Correcting Sample Selection Bias: Practical Challenges
Conference
65th ISI World Statistics Congress 2025
Format: CPS Poster - WSC 2025
Keywords: data integration, nonprobability sample, sample selection bias, weighting
Abstract
Research on correcting sample selection bias in a nonprobability sample is blooming and many approaches for doing this have been proposed in recent literature. One often-used method is assigning a set of pseudo weights to the units in the nonprobability sample. The pseudo weights may then be treated as survey weights. The pseudo weights can be constructed by, for example, estimating the inclusion probabilities of the nonprobability sample with a reference probability sample that shares some common auxiliary variables.
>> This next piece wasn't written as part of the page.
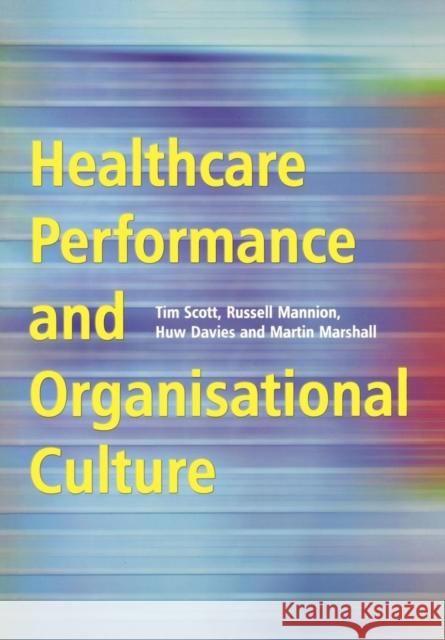 Healthcare Performance and Organisational Culture Tim Scott Russell Mannion Huw Davies 9781857759143 CRC Press - książka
However, constructing pseudo weights faces several practical challenges. For example, approaches for model selection in standard statistical analysis (i.e., assuming an i.i.d. sample or a known sampling mechanism) may not be useful. Also, often the nonprobability sample is much larger than the reference probability sample, which may result in a large variation in the pseudo weights. When besides a reference probability sample with common auxiliary variables also (aggregated) results for the target variable of interest based on a probability sample are available, estimates based on the pseudo weights, e.g., for small areas, may be further improved upon. In this presentation, we will share how we try to address these challenges and present simulation results as proof of concept.